=== What to do ===
What you return must match the entries exactly, except that the pictures are gone.
**********
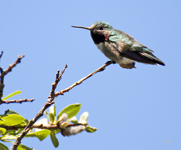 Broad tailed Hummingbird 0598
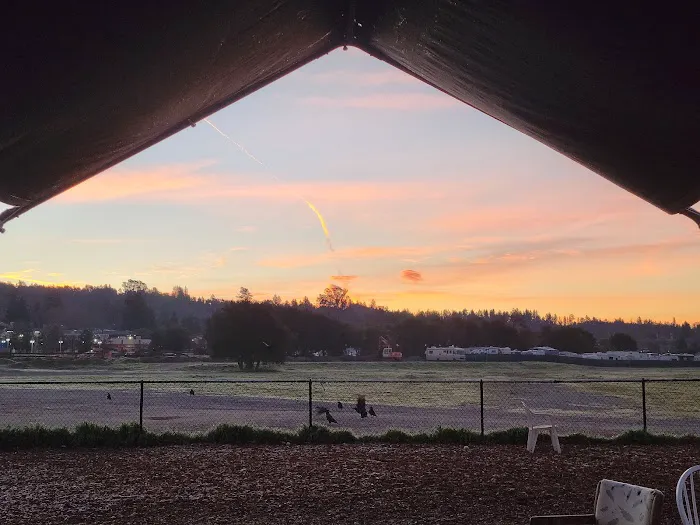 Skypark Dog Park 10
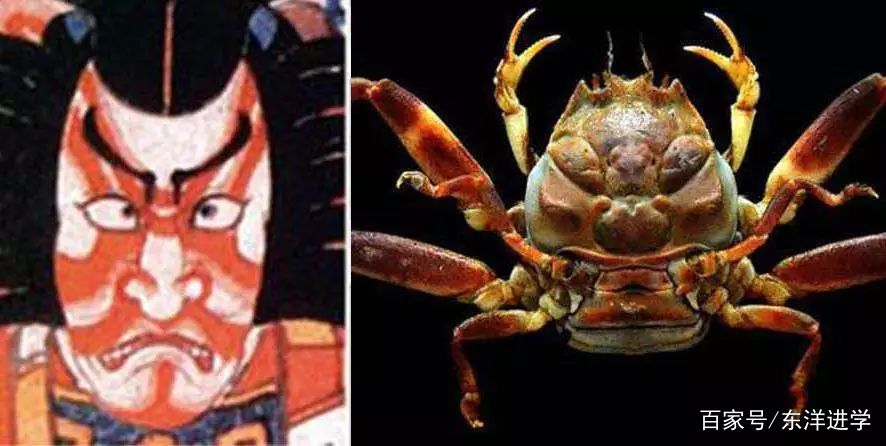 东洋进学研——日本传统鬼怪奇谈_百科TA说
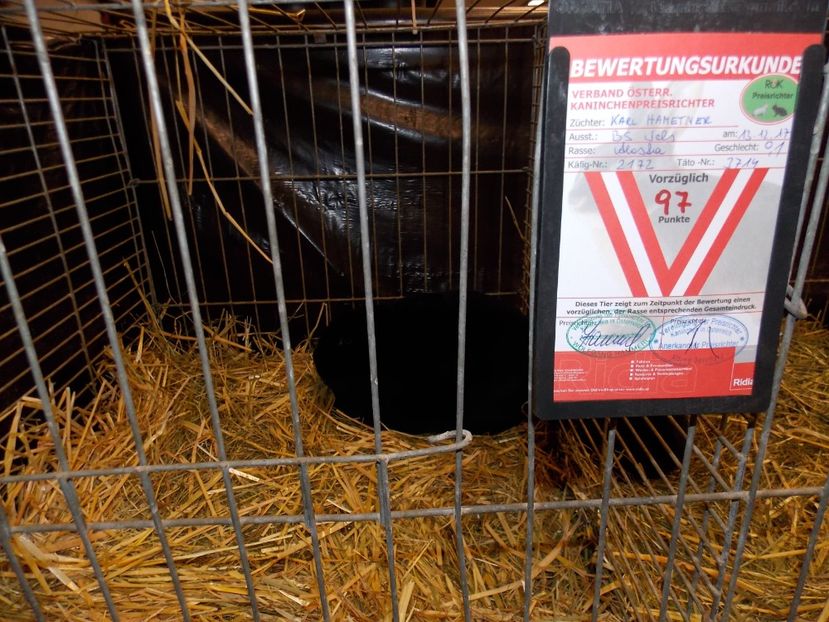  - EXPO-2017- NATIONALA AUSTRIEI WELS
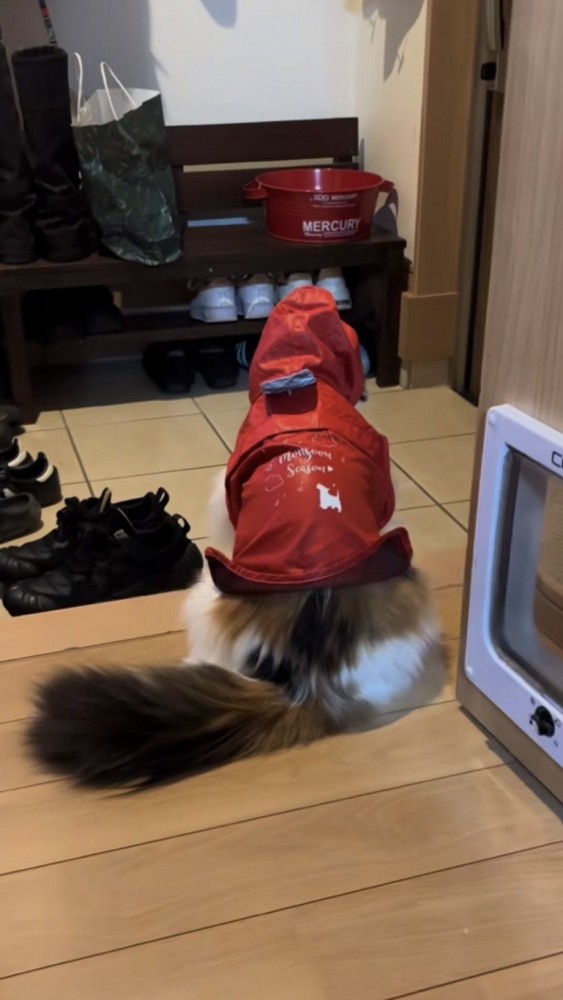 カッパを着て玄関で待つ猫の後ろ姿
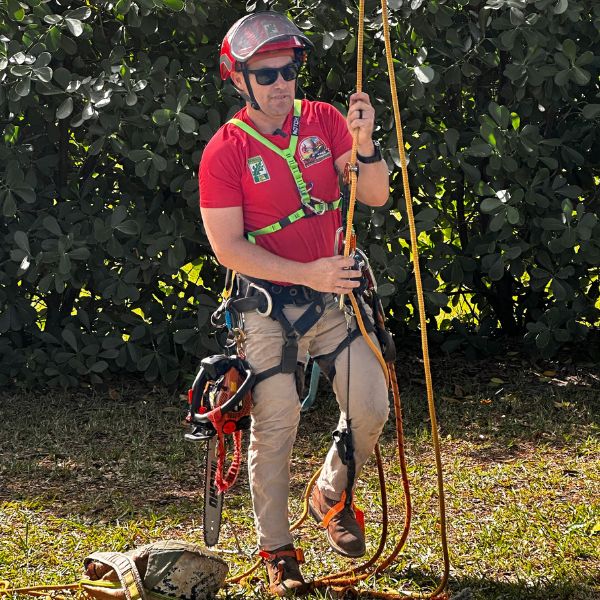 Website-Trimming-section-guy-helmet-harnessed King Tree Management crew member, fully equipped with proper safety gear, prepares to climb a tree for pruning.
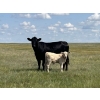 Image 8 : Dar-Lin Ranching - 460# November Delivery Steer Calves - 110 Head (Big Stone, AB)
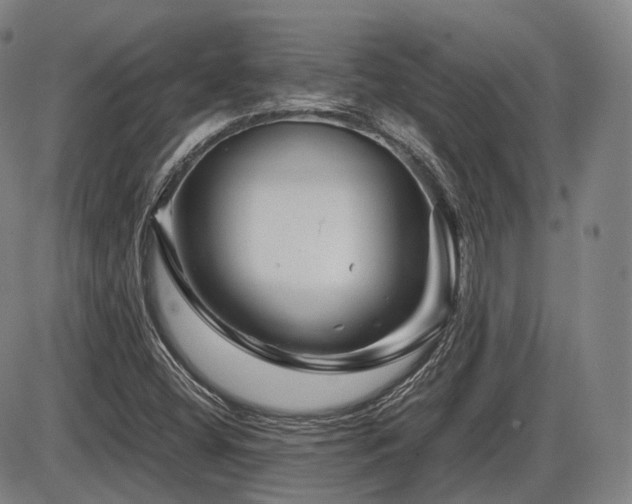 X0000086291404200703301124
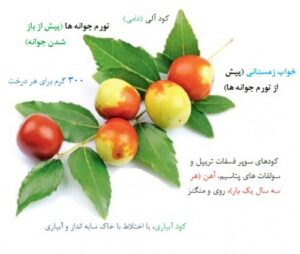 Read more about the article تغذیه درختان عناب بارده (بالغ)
**********
=== Solved problem ===
 Broad tailed Hummingbird 0598
 Skypark Dog Park 10
 东洋进学研——日本传统鬼怪奇谈_百科TA说
  - EXPO-2017- NATIONALA AUSTRIEI WELS
 カッパを着て玄関で待つ猫の後ろ姿
 Website-Trimming-section-guy-helmet-harnessed King Tree Management crew member, fully equipped with proper safety gear, prepares to climb a tree for pruning.
 Image 8 : Dar-Lin Ranching - 460# November Delivery Steer Calves - 110 Head (Big Stone, AB)
 X0000086291404200703301124
 Read more about the article تغذیه درختان عناب بارده (بالغ)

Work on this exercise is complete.